Along the way, we also saw the famous Glockenspiel, took a long walk through the English Garden and visited the Hofbrauhaus for some Bavarian beer and oom-pah-pah music.
Then we drove a short distance south to Lake Starnberg and visited the place where Ludwig met his tragic end. A simple cross stands in the water there, erected by his mother. She also built the memorial chapel that overlooks the spot.
Now came the highlight of our visit. Farther south was Schwangau. From this typically quiet and picturesque Bavarian village, we could see both Hohenschwangau and Neuschwanstein on their mountain perches. Hohenschwangau means High Country of the Swan – how romantic is that? It was built by Ludwig’s father, but it was important to me because Ludwig spent much of his boyhood there. It was where he learned to love the old German sagas, which are depicted on the walls and became such an important influence in his life, as well as such elements as swans, peacocks and water, which are featured in all his palaces.

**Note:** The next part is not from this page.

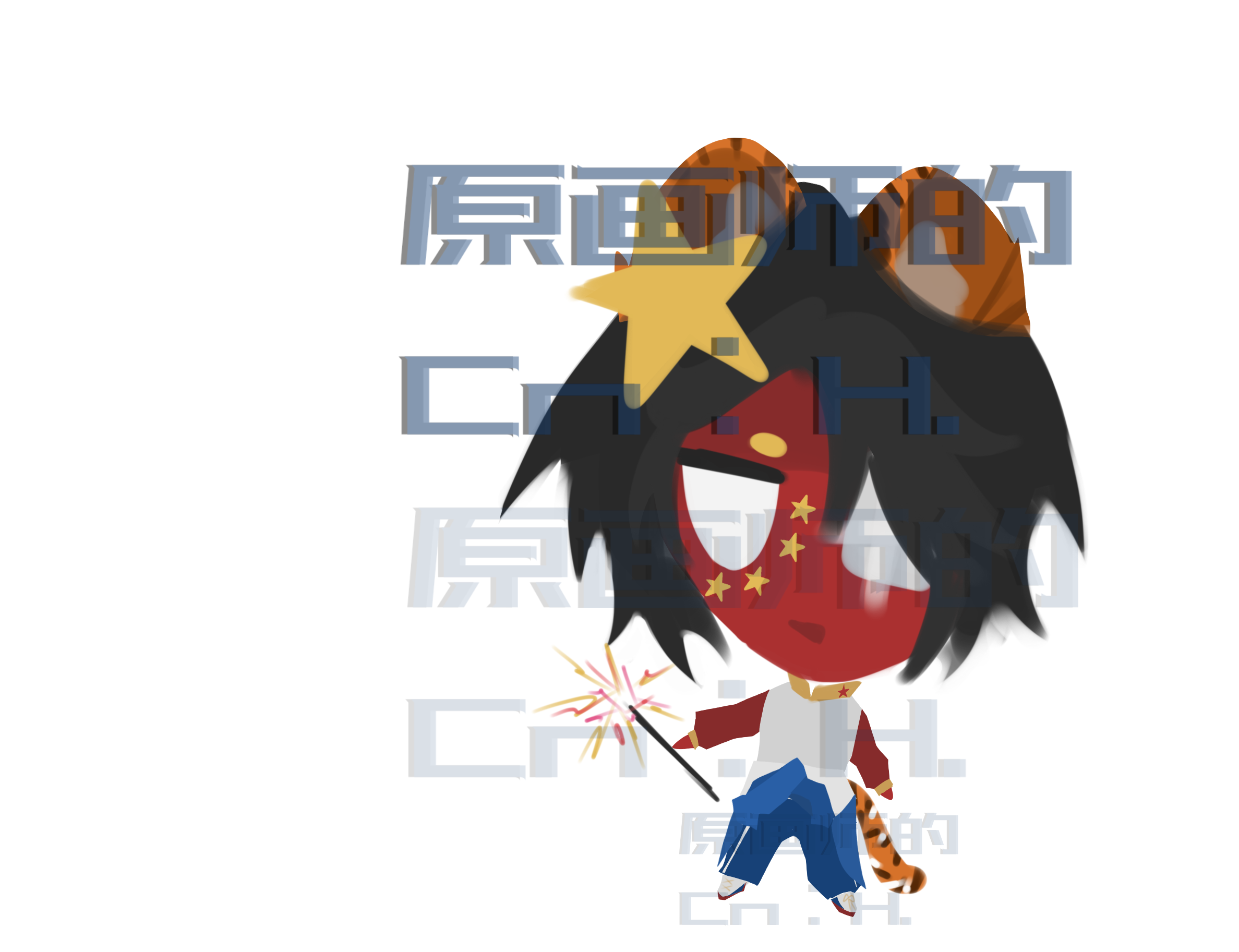 ⚡新⚡年⚡快⚡乐⚡-拟人圈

He often lived there also while he was watching Neuschwanstein being built.
After a rather stiff climb, we made it to Neuschwanstein, the castle that has captured the public imagination as no other. I will not attempt to describe it, except to say that it was like Ludwig himself: imaginative, brilliant, unexpected, eccentric, but gloomy and, even with hundreds of tourists tramping through, imbued with an aura of mystery and tragedy.
The country round about is equally compelling. In one direction it has a broad view of the plain, another overlooks two emerald green lakes, the Alpsee and the Schwansee, on which swans still sail in all their aloof majesty. Another view is of a steep drop to the Pollat River and gorge, with the mountains in the background. Ludwig loved the mountains.
We went on then to other places not associated with Ludwig, including Venice and Sorrento in Italy, but the most magical part for me was the time we spent in Schwangau.